Is there a holiday song for which you harbor an irrational hatred? Here’s why I’m asking. I received Faith Hill’s Christmas album, Joy to the World, in the mail a few weeks ago but held off listening to it until yesterday. (I blame the snowflakes I saw in Happy Valley, PA last weekend with weakening my resolve to wait until after Thanksgiving.) It turns out, I kinda hate "Joy to the World." Nothing against Faith (who does particularly lovely versions of "Away in a Manger," "Silent Night, Holy Night!" and "O Holy Night!," by the way), but I just can’t get it up for a song that is neither as sweet and/or stirring as those previously mentioned, nor as naughty as Elvis’ "Santa Claus is Back in Town" (which I still maintain is the sexiest holiday song ever). The only people I actually want to hear sing "Joy to the World" are Clark W. Griswold, in Christmas Vacation, and my sister, who sings those four words sarcastically whenever the Bierly family Christmas takes a turn for the worst.
So, which holiday song can’t you stand? My mother refuses to listen to "The Christmas Song," even when Nat King Cole is singing it. That’s just wrong.
More on holiday songs:
100 Great Christmas Bummers
Must-Hear Holiday Tracks
Worst Christmas Songs Ever!
Favorite Christmas Karaoke Songs








I don’t know if this counts since it’s not a traditional Christmas song, but I cannot STAND Paul McCartney’s “Simply Having a Wonderful Christmas Time.” Atrocious.
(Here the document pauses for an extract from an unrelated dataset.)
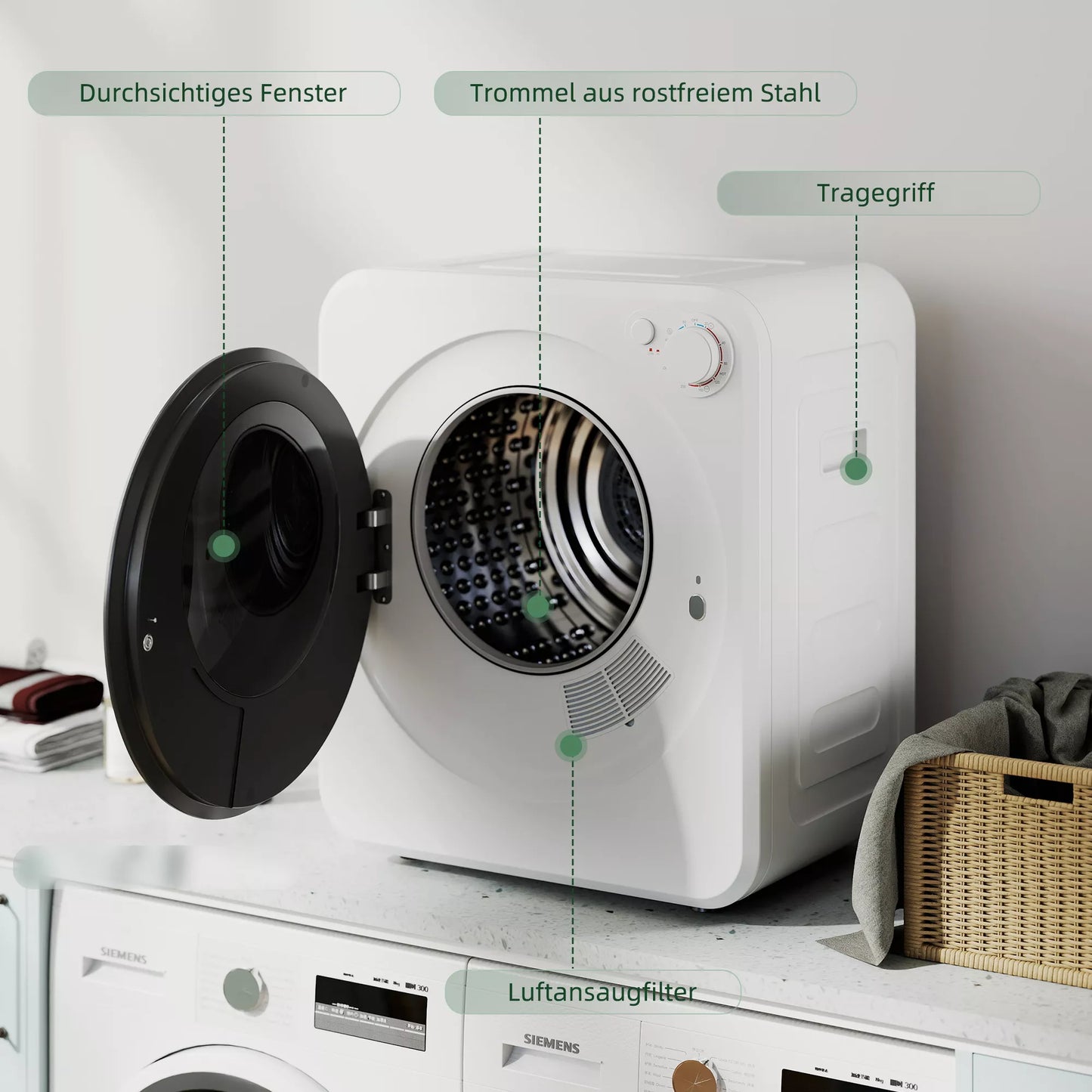 Mini džiovyklė su penkiomis programomis, ventiliacinė būgninė džiovyklė, nerūdijantis plienas, 4 kg, balta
I also loathe everything that Manheim Steamroller has done to perfectly good Christmas carols.
I don’t have any that I necessarily hate, but there is one that I wish I wasn’t attached to: “Last Christmas.” It doesn’t matter what version. The lyrics are the verbal equivalent of a wet noodle. But I admittedly end up singing it gleefully throughout the season.
I have a bit of an aversion to “Sleigh Ride,” but only because we played it endlessly in my high-school band and the French Horn part is basically four pages of oom-pahs.
OH! I can’t believe I forgot Celine Dion’s glorious contribution to holiday songs: “Gawd Blesh Ush Ev-uh-ry-wurne.” If you don’t understand the latter half of my previous sentence, then I successfully proved my point.
1. “Christmas in Hollis” – It may be classic hip hop, but it’s tacky and annoying. This means that any other hip hop xmas song is bad, too.
2. “I Saw Mommy Kissing Santa Claus” – This song is just in poor taste. It makes me cringe every time I hear it.
I echo the loathing for “Simply Having A Wonderful Christmastime” and raise it with John Lennon’s version of “Happy Xmas(War is Over)” Yoko’s voice in the chorus is PAINFUL
Mariah Carey… “All I Want for Christmas is You”. I just heard it yesterday and wanted to vomit.
so this is christmas- ugh
simply having a wonderful crhistmas time -yuck
I hate the nana getting boffed by the reindeer. There is no such thing as a bad Nat King Cole, or Rat Pack christmas song. The greatest bad christmas song is “Father Christmas” by the Kinks. Joy, greed and honesty all wrapped up in an excellent beat.
Aw, come on! Manheim Steamroller ROCKS!!! And so do all those cheesy ’80s Christmas songs like Bryan Adams “Reggae Christmas” and Billy Squier “Christmas is a Time to Say I Love You.”
It’s not a “traditional” Christmas song, but I hear it every year: The Chipmunks’ Christmas Song. Drives me insane. A friend of mine got married last December and played a lot of Christmas music at her reception. When Alvin & Co. started up I thought I would kill her.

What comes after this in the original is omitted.